Huntsman Surface Sciences makes a full range of alkoxylates and specialty chemicals for the personal care, household, industrial and institutional detergent markets. The company's commodity surfactant line consists mainly of alkylphenol ethoxylates and alcohol ethoxylates but also offers a full complement of nonionic, anionic, cationic and amphoteric surfactants. Huntsman Surface Sciences also has a 200,000 ton LAB plant in Chocolate Bayou, Tex.
In 2003, the company plans to continue capitalizing on all the synergies that its acquisitions in Europe, Asia Pacific and the Americas bring to a global surfactants business. "Huntsman Surface Sciences has integrated its alkoxylate and LAB marketing structures to capitalize on the ever-changing surfactant market dynamics," says Albert de Celis, commercial director. The company also plans to strengthen its portfolio in surfactants through acquisitions and expansions that will complement its existing product lines. The plan is possible with financial strength provided by its newly acquired equity partner Matlin Patterson Global Opportunities Partners.
P&G Chemicals is one of the world's largest marketers of base oleochemicals used in surfactants, supplying both internal P&G customers and others in the business. P&G supplies a full range of fatty alcohols, fatty acids, methyl esters, glycerine and tertiary amines from production facilities in Asia, Europe and North America. All products are available globally.
P&G's integrated manufacturing network is focused on producing and shipping consistently high quality oleochemicals for a wide range of industries consuming these products, including the surfactant industry. This manufacturing network includes the world's largest methyl ester plant and a fatty alcohol plant in Kuantan, Malaysia (a joint venture with Felda), a methyl ester/fatty alcohol and light cut acid plant in Sacramento, Calif., and the world's largest tertiary amine plant in Kansas City, Kan., where capacity was doubled in 2000.
"Although raw materials for natural oleochemicals are expected to continue to be volatile, P&G Chemicals expects to continue to offer long-term customers supply dependability and strives to be one of the lowest cost producers in the world," says P&G chemicals director of global sales Norm Ellard.
Dow Chemical Company's commodity surfactants product line consists of its Tergitol nonylphenol ethoxylates (NPEs) product family. Dow's product line, 18 grades of NPEs with varying degrees of ethoxylation, is sold into a variety of end use markets with a focus on household cleaning, industrial and institutional cleaning, paints and coatings, emulsion polymerization, textile, agriculture, metal working and oil field chemicals. Dow says that it is constantly evaluating various hydrophobes to try to match or improve the optimized cost/performance combination that can be found with NPEs. Its other surfactant product lines include Triton alkylphenol ethoxylates and Dowfax specialty anionic surfactants.

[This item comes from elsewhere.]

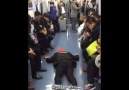 Ufak Bir Çakallıkla Metroda Koltuk Kapmak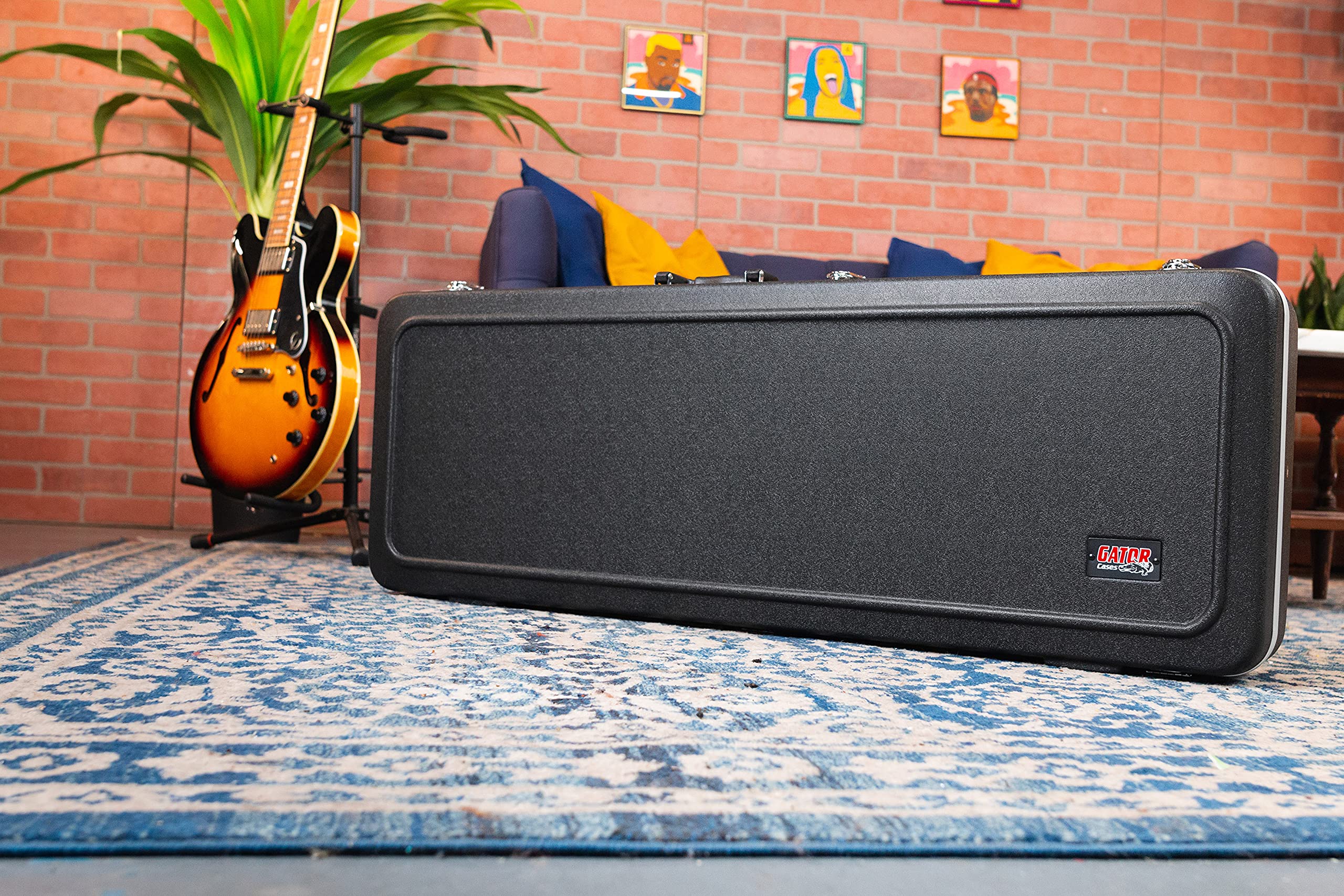 Gator Cases Deluxe ABS Molded Case for Bass Guitars (GC-BASS)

This month Dow introduced a new line of low-foaming surfactants under the Triton product line. "Following the merger with Union Carbide, we felt we gained strength in hard surface cleaning technology, and this product launch is a product of that technology," says David Ford, global business director of surfactants. He says that the company is not adding any new surfactant capacity, but instead will be evaluating asset use in its surfactants manufacturing capacity, particular in light of the merger with Union Carbide. The majority of Dow's surfactants manufacturing assets are still in the US, but Dow now has a major facility in Asia from the merger. The Optimal plant in Malaysia, which is part of a joint venture with state oil company Petronas, has two 30,000 ton-per-year plants for a variety of surfactant products.